====== THE DATA

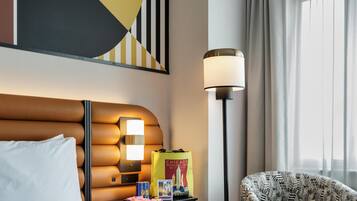 A hotel room with a bed, a nightstand with a lamp, a chair, a wall art piece, and a window with curtains.
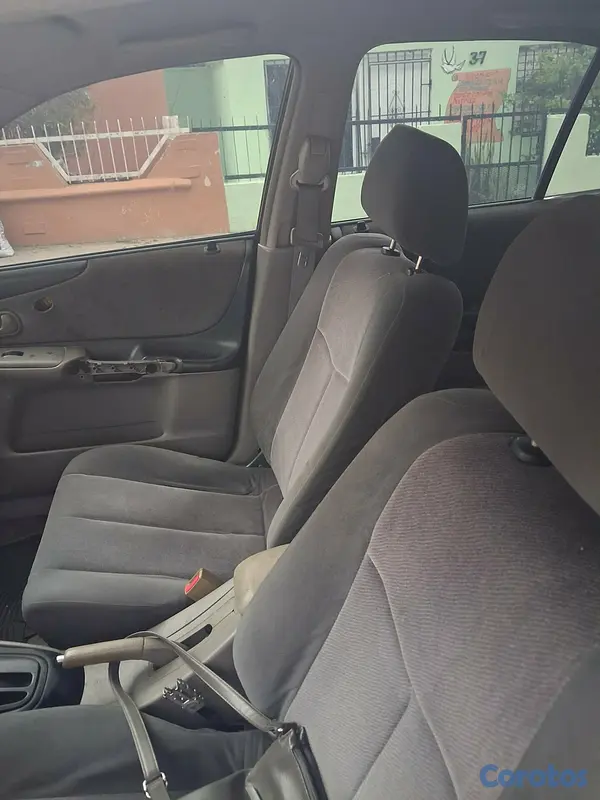 carros - Se vende Mazda 323 año 2002 4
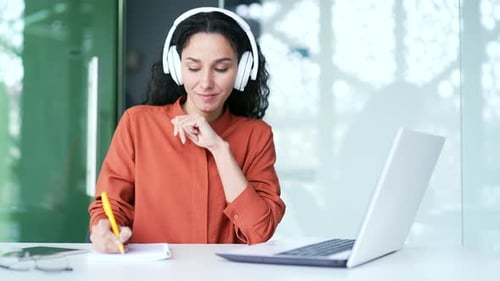 Woman Works at Desk with Laptop and Headphones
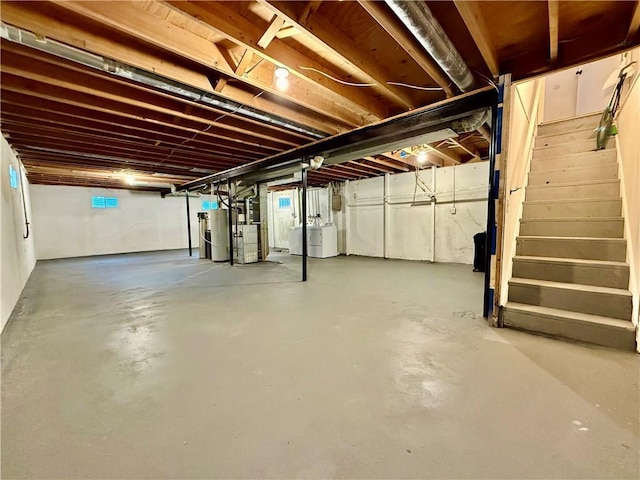 unfinished below grade area with water heater, stairway, and washing machine and dryer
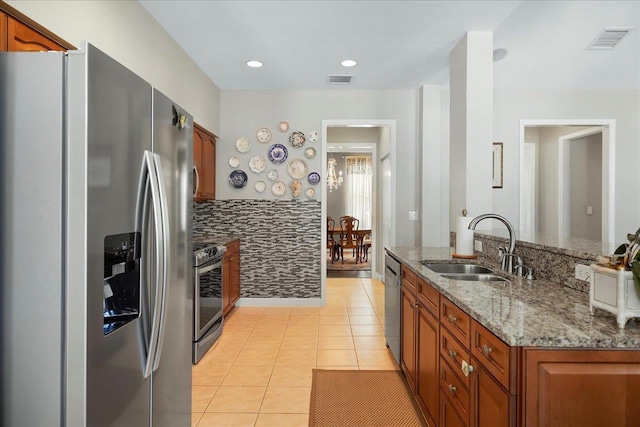 kitchen featuring light tile patterned flooring, sink, stainless steel appliances, and light stone countertops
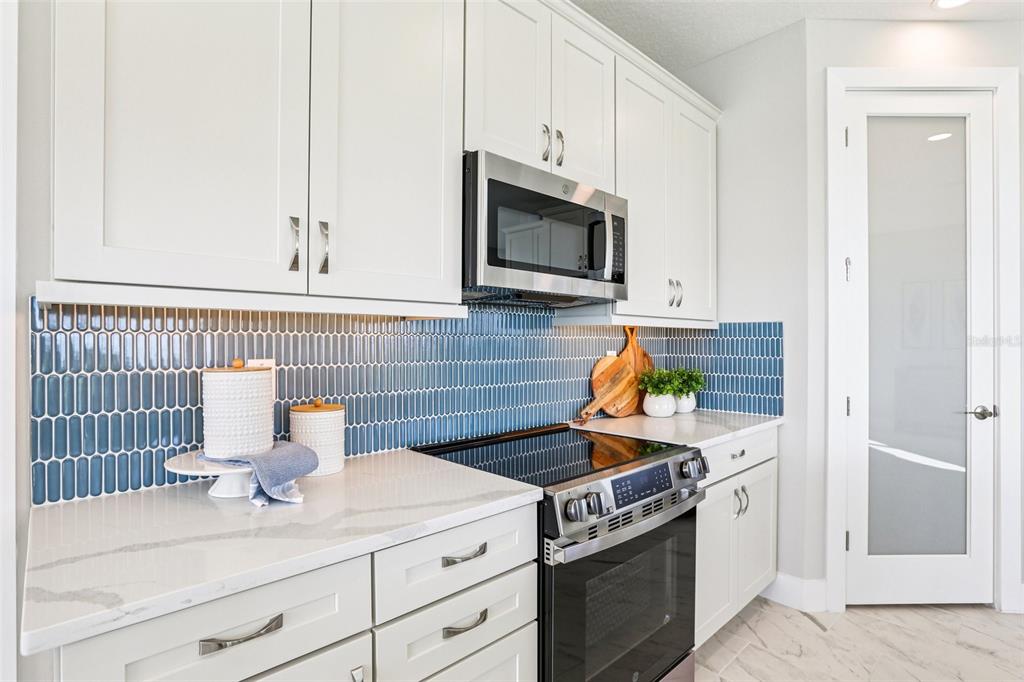 A kitchen features white cabinets, a blue tile backsplash, stainless steel appliances, and quartz countertops — 31493 SPANISH MISSION ROAD, SAN ANTONIO, FL
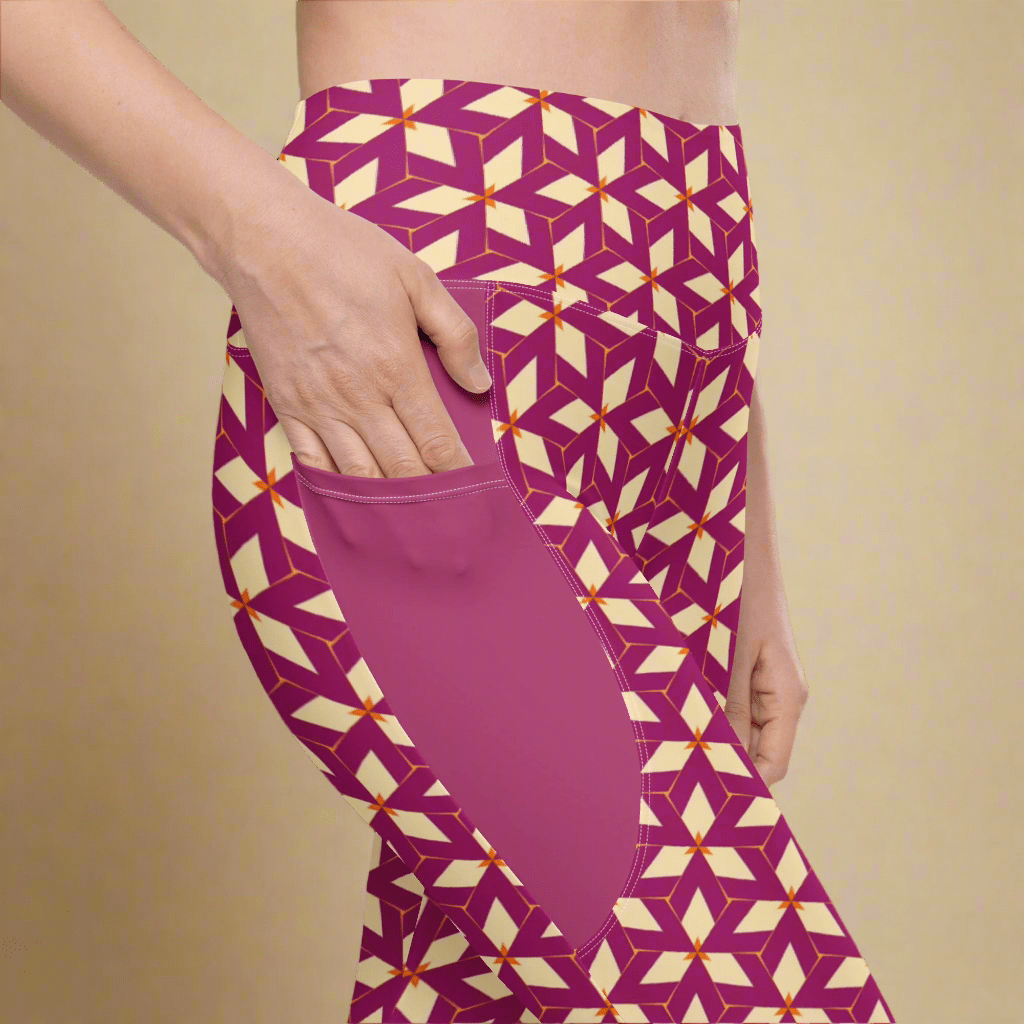 Purple leggings with geometric pattern worn by a person on a beige background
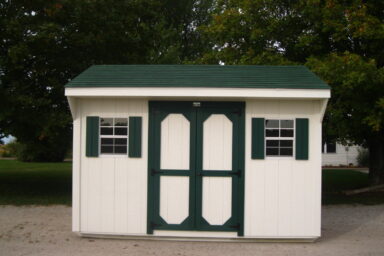 backyard shed with green-trimmed double doors and matching shutters on two windows under green shingled roof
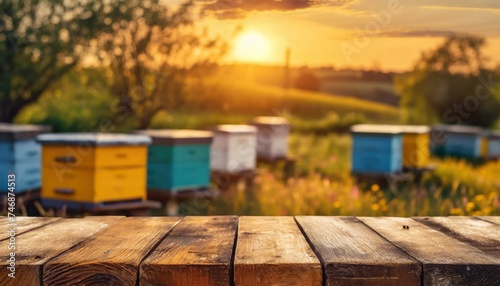 Empty wooden table top for product display. In the background, a blurred background of a small apiary at sunset. photo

============

Take the records above from their first line through the line with "unfinished below grade" and set those lines down word for word, minus the pictures.

 A hotel room with a bed, a nightstand with a lamp, a chair, a wall art piece, and a window with curtains.
 carros - Se vende Mazda 323 año 2002 4
 Woman Works at Desk with Laptop and Headphones
 unfinished below grade area with water heater, stairway, and washing machine and dryer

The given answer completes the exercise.